Takes a javascript object that contains a set of possible pattern matches, phrases and wildcards. These phrases are converted to sentence embeddings in tensorflow. A search phrase is passed to Phrasex and an object is returned containing a list of close phrases as well is the slots that are filled in. The algorithm relies on npm modules, neural-sentence-search, slot-filler and sentence-similarity. Each "match" is scored based on how well it matched.
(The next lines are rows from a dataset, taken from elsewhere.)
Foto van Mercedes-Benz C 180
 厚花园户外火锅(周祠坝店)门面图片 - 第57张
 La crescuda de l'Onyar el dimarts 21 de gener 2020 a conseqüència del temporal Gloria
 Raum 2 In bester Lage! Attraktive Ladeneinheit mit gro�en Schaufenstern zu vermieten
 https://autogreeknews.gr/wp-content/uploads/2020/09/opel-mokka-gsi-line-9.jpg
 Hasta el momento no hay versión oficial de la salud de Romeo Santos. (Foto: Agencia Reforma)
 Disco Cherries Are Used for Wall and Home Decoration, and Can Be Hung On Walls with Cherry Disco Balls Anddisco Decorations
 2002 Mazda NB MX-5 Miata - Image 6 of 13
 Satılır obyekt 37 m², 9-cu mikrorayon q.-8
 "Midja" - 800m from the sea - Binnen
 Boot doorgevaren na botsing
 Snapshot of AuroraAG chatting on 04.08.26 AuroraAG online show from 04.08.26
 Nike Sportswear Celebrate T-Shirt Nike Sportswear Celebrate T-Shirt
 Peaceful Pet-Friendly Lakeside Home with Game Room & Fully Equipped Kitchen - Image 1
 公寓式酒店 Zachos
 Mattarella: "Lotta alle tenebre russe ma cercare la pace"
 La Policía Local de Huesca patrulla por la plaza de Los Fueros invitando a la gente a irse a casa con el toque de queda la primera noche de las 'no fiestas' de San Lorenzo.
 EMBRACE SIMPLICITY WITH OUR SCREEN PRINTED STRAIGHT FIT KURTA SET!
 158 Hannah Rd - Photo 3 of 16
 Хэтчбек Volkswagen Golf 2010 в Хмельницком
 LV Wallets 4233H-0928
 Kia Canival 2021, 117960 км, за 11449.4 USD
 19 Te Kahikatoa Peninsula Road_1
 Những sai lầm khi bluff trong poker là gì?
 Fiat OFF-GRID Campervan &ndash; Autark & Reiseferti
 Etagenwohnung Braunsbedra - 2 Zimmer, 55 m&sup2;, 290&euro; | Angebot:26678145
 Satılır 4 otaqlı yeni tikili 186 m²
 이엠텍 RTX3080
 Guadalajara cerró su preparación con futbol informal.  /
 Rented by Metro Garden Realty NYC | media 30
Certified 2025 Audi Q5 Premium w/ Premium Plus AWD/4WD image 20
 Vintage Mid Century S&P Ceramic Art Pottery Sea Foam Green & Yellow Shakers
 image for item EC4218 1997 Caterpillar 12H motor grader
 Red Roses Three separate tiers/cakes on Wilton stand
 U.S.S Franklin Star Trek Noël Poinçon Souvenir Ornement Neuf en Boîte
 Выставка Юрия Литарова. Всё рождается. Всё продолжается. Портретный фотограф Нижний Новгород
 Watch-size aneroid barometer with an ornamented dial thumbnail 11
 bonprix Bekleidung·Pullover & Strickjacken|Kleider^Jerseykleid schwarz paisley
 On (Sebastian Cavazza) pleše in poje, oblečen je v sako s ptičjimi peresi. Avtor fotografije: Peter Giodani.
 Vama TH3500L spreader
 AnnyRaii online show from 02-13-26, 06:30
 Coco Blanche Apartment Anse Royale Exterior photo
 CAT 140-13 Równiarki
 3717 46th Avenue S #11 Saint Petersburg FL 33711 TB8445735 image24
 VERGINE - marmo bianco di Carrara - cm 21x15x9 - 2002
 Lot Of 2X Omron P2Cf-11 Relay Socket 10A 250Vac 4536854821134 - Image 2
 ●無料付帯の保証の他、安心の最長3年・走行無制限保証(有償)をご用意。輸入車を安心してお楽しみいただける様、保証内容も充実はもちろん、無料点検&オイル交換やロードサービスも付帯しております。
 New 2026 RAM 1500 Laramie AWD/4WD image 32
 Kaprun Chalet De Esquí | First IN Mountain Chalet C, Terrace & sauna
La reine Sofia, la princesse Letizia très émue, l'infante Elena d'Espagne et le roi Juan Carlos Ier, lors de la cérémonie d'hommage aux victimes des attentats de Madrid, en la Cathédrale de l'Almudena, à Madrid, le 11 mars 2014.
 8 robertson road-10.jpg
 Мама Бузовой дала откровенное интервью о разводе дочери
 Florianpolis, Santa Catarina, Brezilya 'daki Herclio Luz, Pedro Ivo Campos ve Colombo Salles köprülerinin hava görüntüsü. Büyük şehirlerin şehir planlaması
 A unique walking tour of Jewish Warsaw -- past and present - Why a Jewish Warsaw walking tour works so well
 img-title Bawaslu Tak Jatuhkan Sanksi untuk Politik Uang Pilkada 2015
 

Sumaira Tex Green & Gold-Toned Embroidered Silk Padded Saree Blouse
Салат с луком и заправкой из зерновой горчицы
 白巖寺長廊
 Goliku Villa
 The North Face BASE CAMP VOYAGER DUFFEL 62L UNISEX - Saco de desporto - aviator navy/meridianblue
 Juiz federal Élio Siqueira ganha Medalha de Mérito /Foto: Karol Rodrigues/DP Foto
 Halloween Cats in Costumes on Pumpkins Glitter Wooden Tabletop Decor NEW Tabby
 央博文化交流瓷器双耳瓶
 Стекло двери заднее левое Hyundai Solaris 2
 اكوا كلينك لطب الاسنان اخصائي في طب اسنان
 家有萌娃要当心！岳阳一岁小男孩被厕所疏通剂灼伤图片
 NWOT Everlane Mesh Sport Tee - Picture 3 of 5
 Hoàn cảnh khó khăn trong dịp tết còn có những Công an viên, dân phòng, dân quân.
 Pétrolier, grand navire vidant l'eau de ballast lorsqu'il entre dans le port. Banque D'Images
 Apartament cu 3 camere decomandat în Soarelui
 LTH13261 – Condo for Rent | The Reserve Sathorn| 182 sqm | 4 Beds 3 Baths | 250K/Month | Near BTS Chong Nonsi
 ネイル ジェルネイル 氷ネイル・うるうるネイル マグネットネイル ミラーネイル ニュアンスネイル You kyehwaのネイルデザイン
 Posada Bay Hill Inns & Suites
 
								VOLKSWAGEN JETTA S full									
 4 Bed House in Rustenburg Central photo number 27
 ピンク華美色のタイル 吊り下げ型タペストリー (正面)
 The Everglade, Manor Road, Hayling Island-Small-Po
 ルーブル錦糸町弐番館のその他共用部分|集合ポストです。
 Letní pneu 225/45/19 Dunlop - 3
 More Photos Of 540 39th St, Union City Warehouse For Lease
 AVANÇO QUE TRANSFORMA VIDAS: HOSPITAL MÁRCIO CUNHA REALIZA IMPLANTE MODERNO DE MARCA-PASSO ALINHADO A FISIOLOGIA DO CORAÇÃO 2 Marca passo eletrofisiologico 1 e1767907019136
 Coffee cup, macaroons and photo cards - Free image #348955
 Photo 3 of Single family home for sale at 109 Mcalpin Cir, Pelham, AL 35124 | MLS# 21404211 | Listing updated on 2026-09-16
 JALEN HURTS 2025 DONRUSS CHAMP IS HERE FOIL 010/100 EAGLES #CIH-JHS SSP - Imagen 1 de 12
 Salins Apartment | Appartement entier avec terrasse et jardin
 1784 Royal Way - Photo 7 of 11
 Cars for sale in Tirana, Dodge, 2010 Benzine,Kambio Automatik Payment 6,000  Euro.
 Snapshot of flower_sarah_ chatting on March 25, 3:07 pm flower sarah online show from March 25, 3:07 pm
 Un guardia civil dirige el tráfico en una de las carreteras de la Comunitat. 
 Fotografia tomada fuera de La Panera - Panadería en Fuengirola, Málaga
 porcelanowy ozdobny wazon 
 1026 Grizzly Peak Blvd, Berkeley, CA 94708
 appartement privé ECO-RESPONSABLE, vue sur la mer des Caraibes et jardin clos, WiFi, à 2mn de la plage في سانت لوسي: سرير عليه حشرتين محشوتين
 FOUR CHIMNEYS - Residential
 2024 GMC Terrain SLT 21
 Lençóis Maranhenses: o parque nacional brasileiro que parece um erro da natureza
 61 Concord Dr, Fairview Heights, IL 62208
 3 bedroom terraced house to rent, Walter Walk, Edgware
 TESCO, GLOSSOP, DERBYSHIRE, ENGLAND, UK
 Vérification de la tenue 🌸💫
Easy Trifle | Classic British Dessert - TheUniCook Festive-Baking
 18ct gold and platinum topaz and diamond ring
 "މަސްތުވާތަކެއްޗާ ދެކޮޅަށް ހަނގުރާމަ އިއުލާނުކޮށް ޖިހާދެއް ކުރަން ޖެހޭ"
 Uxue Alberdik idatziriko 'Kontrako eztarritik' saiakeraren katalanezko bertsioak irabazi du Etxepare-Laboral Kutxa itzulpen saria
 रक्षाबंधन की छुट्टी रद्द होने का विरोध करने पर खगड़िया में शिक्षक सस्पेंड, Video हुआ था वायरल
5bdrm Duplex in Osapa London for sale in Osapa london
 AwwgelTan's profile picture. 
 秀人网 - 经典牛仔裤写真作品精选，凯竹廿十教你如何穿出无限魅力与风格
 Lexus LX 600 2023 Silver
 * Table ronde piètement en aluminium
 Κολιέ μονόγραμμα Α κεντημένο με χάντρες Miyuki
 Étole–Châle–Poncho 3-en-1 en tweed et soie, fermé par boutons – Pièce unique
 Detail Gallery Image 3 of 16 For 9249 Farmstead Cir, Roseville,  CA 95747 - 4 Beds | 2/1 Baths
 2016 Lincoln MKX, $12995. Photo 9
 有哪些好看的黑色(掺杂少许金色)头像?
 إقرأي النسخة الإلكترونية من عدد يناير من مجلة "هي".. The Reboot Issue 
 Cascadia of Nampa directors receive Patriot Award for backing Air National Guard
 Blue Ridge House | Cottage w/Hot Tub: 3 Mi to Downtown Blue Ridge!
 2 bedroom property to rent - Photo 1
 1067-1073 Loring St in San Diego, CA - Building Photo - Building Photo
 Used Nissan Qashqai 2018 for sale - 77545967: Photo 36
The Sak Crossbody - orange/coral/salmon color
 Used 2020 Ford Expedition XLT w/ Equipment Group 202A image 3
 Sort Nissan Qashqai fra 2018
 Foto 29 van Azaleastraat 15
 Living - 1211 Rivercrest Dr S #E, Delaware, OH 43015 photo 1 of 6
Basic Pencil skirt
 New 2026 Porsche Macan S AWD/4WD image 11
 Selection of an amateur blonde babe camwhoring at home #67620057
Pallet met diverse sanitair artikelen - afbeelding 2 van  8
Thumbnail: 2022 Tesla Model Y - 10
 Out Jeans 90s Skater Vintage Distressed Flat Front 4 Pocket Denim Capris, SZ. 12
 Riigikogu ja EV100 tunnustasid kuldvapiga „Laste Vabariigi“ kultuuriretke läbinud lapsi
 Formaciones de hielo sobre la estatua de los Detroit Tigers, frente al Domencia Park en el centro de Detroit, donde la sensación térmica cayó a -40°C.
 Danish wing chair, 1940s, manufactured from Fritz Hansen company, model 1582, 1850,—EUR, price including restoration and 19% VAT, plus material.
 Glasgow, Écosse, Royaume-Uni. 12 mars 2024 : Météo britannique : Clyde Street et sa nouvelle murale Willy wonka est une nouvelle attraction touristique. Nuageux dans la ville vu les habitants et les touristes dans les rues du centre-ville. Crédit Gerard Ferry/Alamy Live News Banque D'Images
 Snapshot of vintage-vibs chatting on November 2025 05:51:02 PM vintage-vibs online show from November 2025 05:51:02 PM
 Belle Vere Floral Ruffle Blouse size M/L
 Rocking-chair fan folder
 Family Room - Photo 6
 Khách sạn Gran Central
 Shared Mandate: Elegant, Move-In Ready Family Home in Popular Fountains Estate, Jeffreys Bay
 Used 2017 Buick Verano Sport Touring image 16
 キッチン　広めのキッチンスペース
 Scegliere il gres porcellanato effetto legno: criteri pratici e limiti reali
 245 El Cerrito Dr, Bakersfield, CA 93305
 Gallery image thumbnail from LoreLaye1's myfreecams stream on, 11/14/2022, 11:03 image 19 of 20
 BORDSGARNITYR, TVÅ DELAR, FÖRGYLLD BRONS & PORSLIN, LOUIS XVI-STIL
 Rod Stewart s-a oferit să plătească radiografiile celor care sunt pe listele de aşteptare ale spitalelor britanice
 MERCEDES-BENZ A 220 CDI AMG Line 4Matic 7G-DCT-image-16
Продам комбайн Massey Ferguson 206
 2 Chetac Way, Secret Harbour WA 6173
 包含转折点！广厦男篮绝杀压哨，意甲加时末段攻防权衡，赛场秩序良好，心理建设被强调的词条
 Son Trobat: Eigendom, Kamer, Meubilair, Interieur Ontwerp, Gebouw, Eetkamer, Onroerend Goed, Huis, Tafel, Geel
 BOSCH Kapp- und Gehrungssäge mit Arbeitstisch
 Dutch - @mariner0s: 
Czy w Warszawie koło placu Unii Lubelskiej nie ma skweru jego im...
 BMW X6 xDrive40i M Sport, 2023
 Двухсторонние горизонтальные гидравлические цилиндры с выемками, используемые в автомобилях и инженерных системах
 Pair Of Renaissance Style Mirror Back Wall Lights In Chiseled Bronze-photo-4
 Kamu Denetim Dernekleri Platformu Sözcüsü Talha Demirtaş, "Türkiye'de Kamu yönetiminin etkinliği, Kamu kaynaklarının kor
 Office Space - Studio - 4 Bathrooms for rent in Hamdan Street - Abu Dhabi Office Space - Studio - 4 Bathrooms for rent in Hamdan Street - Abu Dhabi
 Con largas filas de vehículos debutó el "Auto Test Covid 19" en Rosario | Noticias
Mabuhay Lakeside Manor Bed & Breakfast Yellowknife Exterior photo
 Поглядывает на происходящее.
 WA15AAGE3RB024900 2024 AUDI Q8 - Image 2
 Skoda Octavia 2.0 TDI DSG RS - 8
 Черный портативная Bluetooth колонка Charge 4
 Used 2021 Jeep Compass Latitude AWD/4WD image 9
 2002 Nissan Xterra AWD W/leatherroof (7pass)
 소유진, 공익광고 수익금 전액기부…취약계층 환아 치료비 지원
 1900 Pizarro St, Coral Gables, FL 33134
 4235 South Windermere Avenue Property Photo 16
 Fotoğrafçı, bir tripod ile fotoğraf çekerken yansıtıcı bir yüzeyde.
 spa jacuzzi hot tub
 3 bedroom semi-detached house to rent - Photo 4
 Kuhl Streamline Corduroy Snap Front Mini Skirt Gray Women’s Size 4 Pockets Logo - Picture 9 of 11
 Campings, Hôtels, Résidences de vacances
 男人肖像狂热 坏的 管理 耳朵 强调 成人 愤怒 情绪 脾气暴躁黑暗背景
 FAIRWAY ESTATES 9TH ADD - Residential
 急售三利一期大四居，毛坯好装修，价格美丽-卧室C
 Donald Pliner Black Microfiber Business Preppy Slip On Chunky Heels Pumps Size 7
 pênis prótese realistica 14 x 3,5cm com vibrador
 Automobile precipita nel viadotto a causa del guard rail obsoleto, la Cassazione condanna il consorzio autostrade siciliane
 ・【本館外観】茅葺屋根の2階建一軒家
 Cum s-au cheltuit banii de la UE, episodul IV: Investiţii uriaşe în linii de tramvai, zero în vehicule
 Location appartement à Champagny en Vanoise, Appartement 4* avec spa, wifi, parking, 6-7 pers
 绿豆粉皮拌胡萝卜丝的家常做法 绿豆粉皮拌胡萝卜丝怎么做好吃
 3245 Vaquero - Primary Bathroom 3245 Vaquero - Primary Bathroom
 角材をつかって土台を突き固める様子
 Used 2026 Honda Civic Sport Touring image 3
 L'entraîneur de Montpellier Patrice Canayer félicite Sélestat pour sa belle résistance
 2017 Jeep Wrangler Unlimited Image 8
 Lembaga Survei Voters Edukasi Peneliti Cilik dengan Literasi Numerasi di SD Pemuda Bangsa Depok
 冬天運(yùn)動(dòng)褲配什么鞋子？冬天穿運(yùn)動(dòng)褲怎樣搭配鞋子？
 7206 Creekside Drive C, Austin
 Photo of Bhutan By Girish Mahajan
This can be used directly in processing text in a chatbot or a one shot information extraction pipeline.

Install

npm install neural-phrasex

How to use

let {Phrasex, UserData, BasicPhrasexDatabase} = require("neural-phrasex");

let simpleDatabase = {
  data: [
    {
      //The simplest entry has just a phrase and a class name - phraseType
      phrase: ["It is what it is."],
      phraseType: "isWhatIs"
    },
    {
      //A phrase and a response to a phrase can be included.
      phrase: ["what is your name?"],
      response: ["My name is Bot"],
      phraseType: "whatIsName",
      implies: ["whatIsName"]
    }, {
      //You can include just simple phrases with no wildcards
      exampleWildcards: { value: ["pig"], ans: ["animal"] },
      phrase: ["What is a (value)?"],
      response: ["A (value) is an (ans)"],
      phraseType: "whatIsThing",
    }, {
      //The wildcards are just examples of what could be put in the slots
      //These are necessary so that they can be passed to the neural network
      //to construct a sentence vector.
      exampleWildcards: { value: ["Seattle"], ans: ["Washington"] },
      phrase: ["where is (value)"],
      response: ["(value) is in (ans)"],
      phraseType: "whereIsThing"
    }
  ]
}

let compute = async () => {
  let ans = BasicPhrasexDatabase.generatePhraseDatabase(simpleDatabase)
  let phrasex = new Phrasex(ans)
  let res = await phrasex.initialize()

  let userData = new UserData();
  userData.initialize();

  let res1 = await phrasex.getWildcardsAndMatch("Where is Boston", "", userData)
  console.log(res1[0])

  let res2 = await phrasex.getWildcardsAndMatch("What is a coconut", "", userData)
  console.log(res2[0])
})

compute()

with result


    {
      source: {
        exampleWildcards: { value: [Array], ans: [Array] },
        phrase: 'where is (value)',
        response: [ '(value) is in (ans)' ],
        phraseType: 'whereIsThing',
        implies: [ 'whereIsThing', 'whereIsThing' ],
        meta: { groupInex: 6 },
        example: 'where is Seattle',
        storage: null,
        words: 'where is'
      },
      wildcards: { matched: true, value: 'Boston' },
      confidence: 1,
      wcScore: { score: 1, count: 1 },
      score: {
        queryIndex: [ [Object], [Object], [Object] ],
        score: 2,
        order: 1,
        size: 0.5,
        semantic: 0.580953918415687
      }
    }


    {
      source: {
        exampleWildcards: { value: [Array], ans: [Array] },
        phrase: 'What is a (value)?',
        response: [ 'A (value) is an (ans).' ],
        phraseType: 'whatIsThing',
        implies: [ 'whatIsThing', 'whatIsThing' ],
        meta: { groupInex: 4 },
        example: 'What is a pig',
        storage: null,
        words: 'What is a ?'
      },
      wildcards: { matched: true, value: 'coconut' },
      confidence: 1,
      wcScore: { score: 1, count: 1 },
      score: {
        queryIndex: [ [Object], [Object], [Object], [Object] ],
        score: 3,
        order: 1,
        size: 0.3333333333333333,
        semantic: 0.5399621217119523
      }
    }

The result is a variation of the original database source plus the wildcards for filling in the data.